Optional Reading, and Week #3 Blog Assignment
The optional reading, an excerpt from Alain de Botton’s Status Anxiety, is here, as well as being linked on the Course Readings page. It’s a section titled “Meritocracy,” and in it, de Botton writes about the history of how our conventional concepts of what it means to be poor and rich have changed over time. By “what it means to be poor,” I mean our assumptions about whether the poor and rich are useful, and on what basis we say that they deserve their fate.
The whole reading is about 26 pages, but I particularly recomnmend that you read pp. 47-54, which I think you’ll find especially useful and interesting for the coming weeks.
You have a choice between two options for your Week #3 Blog post:
#1: pick two of the authors we’ve read so far (including Duck and Collier), and choose one point of economics (value, labour, property, credit, etc.) that you think they might have a conversation about. Perhaps they would strongly disagree; perhaps they would agree for entirely different reasons.
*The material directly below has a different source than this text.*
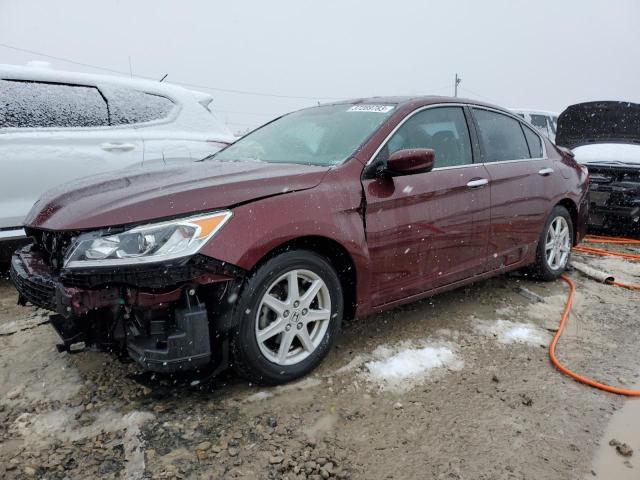 Honda Accord lx (2016)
Write about what they would say to each other. (You can be very creative with this if you wish, but you can also be quite straightforward, and say “Duck’s view on using credit would be…while Addison would say…” (The only restriction is that you may not use Swift AND Montagu, or Duck AND Collier — the idea being not to rehash the disagreements in their texts.)
#2: Read the optional reading (de Botton), which is about merit. Write about one place in one of the texts we’ve read so far where consideration of merit is either obviously important, or is strangely lacking.